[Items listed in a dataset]

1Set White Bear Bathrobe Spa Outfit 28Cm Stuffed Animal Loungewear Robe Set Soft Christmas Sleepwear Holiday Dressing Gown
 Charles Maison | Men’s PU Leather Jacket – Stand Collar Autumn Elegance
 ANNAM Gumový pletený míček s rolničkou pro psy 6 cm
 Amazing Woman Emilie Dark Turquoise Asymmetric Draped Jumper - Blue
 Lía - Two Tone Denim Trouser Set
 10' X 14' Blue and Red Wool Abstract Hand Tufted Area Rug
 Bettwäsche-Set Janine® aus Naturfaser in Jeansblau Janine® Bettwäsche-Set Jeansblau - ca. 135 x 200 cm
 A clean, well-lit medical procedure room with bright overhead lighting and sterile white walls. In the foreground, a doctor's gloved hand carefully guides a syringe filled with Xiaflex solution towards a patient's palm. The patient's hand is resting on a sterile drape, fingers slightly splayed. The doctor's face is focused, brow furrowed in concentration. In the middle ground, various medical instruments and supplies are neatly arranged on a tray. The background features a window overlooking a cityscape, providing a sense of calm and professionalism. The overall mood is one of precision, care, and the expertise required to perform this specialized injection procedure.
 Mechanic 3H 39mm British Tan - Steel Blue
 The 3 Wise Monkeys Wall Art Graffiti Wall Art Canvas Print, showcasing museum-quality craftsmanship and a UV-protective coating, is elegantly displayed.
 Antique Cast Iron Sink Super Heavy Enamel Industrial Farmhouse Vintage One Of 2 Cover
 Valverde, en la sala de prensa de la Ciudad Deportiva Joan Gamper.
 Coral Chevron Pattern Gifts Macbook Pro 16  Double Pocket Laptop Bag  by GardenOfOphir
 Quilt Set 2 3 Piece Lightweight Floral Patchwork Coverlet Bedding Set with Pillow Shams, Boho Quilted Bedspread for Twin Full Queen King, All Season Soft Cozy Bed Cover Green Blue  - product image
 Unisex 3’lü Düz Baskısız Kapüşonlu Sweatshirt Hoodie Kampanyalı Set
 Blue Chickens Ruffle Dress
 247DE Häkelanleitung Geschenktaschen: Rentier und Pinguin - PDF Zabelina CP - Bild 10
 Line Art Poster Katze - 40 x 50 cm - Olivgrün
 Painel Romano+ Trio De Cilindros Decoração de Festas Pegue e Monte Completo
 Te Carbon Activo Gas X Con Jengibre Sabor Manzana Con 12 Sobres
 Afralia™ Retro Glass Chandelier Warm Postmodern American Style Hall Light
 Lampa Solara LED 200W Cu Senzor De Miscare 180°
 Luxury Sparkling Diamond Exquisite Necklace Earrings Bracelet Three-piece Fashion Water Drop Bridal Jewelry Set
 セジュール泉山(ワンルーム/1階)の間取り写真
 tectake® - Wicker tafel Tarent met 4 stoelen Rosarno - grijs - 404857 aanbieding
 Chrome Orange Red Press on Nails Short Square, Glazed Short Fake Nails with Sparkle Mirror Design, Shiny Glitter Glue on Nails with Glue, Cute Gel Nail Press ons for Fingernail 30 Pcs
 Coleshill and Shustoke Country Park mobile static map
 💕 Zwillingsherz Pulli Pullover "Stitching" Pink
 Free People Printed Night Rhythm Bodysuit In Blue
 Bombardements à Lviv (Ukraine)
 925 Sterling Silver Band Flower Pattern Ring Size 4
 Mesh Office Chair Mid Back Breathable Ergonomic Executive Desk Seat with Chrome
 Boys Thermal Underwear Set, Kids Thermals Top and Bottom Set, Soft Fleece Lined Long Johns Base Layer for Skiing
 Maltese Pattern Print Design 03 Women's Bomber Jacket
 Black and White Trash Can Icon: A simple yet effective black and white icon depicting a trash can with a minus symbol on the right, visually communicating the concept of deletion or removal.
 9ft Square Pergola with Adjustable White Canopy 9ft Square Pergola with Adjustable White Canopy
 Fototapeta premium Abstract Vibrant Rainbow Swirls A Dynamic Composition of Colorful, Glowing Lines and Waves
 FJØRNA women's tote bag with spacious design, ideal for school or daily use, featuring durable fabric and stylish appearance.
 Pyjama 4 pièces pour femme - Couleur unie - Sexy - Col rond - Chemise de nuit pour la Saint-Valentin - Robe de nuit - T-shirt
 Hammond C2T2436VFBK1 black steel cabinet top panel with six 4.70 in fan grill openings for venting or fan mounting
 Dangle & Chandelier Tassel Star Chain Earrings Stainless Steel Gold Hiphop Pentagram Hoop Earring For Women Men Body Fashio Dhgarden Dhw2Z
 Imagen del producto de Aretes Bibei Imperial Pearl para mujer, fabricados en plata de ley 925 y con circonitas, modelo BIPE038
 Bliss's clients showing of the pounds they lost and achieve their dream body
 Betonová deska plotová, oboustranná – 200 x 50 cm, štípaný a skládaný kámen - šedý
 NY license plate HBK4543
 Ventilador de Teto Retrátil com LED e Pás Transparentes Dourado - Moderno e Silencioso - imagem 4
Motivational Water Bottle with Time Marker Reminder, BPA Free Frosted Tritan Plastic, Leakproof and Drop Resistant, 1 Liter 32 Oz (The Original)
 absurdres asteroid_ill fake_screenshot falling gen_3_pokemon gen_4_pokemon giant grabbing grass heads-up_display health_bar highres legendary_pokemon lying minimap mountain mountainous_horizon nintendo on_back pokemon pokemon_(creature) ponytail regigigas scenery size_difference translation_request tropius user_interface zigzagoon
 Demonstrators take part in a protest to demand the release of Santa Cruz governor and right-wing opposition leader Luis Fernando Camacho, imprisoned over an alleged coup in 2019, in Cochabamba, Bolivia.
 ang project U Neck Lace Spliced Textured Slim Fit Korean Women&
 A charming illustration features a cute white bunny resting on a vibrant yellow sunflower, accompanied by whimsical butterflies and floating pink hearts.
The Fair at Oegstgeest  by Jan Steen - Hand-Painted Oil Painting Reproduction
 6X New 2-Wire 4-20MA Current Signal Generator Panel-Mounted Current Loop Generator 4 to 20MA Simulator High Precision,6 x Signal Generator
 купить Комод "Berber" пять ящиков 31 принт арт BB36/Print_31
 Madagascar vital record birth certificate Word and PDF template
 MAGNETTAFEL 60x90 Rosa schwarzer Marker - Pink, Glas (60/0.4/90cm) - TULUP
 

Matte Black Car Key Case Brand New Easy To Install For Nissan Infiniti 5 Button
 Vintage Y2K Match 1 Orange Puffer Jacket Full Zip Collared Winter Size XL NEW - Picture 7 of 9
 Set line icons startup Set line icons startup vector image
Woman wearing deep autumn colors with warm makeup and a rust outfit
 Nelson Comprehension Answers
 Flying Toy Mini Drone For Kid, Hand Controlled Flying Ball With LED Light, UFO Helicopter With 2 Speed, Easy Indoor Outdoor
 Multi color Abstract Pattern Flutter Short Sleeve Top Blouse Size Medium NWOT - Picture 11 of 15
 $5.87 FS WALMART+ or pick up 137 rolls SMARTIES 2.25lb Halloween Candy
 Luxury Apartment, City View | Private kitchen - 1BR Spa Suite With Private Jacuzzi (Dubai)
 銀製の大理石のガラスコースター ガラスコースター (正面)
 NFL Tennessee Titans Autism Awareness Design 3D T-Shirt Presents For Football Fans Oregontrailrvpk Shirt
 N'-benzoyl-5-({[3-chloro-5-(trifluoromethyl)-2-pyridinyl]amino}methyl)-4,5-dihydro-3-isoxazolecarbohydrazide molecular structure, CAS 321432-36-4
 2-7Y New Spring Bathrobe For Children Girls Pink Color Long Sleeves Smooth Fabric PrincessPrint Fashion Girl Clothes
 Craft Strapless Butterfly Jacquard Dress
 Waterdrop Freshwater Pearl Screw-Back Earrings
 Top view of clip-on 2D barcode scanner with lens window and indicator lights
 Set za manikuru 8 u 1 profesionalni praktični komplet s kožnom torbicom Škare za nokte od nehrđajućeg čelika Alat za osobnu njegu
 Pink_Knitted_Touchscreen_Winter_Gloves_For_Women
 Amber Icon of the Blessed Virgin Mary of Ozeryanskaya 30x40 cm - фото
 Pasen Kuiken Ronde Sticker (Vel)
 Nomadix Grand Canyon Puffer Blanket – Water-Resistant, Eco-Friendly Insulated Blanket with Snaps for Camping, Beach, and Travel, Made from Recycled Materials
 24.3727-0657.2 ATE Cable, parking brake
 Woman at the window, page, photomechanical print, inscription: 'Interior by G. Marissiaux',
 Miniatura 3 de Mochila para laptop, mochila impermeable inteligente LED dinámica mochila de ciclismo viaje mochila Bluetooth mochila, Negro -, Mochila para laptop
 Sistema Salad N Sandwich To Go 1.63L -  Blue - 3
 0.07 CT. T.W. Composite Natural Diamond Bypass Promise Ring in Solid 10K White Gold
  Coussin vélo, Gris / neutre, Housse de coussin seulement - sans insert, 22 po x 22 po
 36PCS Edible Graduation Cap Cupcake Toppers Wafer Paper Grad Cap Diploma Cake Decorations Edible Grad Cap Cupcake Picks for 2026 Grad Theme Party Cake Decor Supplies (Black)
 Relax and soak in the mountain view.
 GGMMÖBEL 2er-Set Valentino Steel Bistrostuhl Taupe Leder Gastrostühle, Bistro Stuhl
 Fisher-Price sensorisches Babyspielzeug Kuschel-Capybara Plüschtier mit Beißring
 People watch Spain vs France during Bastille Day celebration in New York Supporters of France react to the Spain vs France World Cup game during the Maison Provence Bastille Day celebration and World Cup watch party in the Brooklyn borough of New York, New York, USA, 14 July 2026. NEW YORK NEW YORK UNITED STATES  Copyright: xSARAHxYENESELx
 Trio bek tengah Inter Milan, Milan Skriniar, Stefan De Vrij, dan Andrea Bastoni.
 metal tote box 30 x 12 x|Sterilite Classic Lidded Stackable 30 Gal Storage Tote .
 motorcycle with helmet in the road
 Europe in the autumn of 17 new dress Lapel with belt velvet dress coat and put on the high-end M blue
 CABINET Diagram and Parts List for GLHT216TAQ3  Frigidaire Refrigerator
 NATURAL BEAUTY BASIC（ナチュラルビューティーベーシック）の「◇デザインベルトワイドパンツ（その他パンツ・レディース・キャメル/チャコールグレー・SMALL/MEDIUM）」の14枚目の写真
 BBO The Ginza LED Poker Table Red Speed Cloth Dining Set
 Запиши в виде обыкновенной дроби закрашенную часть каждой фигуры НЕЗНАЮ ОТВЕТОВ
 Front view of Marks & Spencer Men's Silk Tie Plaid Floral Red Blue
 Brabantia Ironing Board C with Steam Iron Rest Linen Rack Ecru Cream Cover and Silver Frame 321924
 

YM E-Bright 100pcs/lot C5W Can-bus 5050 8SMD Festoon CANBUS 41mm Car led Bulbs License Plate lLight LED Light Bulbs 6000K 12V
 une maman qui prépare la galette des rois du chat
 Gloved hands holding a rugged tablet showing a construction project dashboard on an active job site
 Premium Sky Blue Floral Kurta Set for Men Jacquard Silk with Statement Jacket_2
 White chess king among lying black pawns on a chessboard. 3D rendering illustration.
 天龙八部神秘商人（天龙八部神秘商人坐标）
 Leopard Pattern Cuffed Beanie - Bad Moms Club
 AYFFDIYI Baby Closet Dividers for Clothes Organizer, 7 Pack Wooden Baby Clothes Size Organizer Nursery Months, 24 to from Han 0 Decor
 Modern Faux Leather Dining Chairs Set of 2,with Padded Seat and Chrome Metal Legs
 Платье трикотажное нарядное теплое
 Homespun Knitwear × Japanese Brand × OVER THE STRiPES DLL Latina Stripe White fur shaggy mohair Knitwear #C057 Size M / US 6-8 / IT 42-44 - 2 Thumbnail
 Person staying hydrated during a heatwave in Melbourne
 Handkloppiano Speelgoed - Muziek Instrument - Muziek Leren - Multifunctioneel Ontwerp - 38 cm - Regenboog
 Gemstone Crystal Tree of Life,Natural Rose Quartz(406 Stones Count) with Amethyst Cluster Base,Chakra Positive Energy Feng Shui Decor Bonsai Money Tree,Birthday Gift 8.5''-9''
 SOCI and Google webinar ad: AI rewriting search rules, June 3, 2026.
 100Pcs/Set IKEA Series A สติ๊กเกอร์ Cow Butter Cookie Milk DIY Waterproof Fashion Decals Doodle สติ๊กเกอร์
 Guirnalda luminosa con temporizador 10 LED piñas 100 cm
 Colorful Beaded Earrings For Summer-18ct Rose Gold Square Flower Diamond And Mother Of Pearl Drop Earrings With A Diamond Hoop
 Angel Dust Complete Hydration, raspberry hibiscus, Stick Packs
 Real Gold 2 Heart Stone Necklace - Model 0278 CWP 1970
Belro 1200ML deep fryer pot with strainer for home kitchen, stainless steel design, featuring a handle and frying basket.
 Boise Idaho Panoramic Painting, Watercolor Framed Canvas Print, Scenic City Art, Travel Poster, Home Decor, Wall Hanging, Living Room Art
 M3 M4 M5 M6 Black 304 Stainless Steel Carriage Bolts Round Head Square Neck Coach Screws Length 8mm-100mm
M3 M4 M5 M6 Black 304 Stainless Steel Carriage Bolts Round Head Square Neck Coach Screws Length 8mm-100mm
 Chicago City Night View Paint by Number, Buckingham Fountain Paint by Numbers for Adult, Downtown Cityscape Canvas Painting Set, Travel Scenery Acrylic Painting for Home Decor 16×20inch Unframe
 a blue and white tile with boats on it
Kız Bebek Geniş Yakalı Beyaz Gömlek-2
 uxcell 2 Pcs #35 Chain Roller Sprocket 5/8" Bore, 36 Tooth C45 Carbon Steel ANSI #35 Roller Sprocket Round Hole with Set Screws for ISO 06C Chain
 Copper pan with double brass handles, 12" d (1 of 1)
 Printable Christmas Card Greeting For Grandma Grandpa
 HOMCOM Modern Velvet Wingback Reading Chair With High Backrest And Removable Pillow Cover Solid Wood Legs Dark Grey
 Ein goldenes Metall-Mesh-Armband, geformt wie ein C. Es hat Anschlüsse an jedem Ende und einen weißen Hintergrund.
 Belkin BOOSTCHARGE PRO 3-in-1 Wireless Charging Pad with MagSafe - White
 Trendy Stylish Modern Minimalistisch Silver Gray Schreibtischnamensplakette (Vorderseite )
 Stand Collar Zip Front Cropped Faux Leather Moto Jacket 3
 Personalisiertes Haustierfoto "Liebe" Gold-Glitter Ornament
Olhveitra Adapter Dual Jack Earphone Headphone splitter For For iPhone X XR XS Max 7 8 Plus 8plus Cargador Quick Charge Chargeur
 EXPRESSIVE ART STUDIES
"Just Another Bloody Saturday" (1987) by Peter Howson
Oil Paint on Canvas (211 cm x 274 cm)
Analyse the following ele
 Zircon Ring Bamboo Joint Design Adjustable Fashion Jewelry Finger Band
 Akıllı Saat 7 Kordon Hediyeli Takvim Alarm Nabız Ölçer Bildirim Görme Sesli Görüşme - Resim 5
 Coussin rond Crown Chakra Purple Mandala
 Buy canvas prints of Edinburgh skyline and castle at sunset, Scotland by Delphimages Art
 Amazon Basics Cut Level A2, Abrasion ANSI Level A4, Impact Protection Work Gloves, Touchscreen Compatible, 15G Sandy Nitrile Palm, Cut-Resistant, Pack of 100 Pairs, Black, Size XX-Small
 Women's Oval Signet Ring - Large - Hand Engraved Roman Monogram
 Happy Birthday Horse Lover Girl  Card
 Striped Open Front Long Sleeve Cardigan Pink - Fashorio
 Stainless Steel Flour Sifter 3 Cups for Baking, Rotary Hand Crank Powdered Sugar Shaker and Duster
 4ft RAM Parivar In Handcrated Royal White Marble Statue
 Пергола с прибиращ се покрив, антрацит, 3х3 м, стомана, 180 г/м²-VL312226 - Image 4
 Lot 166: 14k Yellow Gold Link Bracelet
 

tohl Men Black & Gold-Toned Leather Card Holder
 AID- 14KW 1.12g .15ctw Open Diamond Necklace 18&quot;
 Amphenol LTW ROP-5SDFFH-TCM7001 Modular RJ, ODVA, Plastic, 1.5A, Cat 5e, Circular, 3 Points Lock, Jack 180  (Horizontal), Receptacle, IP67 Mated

- [Exercise instructions] When the line with "Copper pan with" is reached in the data above, begin copying, and stop after the line with "Olhveitra Adapter Dual"; copy each line exactly, both ends included.

- [Task output]
 Copper pan with double brass handles, 12" d (1 of 1)
 Printable Christmas Card Greeting For Grandma Grandpa
 HOMCOM Modern Velvet Wingback Reading Chair With High Backrest And Removable Pillow Cover Solid Wood Legs Dark Grey
 Ein goldenes Metall-Mesh-Armband, geformt wie ein C. Es hat Anschlüsse an jedem Ende und einen weißen Hintergrund.
 Belkin BOOSTCHARGE PRO 3-in-1 Wireless Charging Pad with MagSafe - White
 Trendy Stylish Modern Minimalistisch Silver Gray Schreibtischnamensplakette (Vorderseite )
 Stand Collar Zip Front Cropped Faux Leather Moto Jacket 3
 Personalisiertes Haustierfoto "Liebe" Gold-Glitter Ornament
Olhveitra Adapter Dual Jack Earphone Headphone splitter For For iPhone X XR XS Max 7 8 Plus 8plus Cargador Quick Charge Chargeur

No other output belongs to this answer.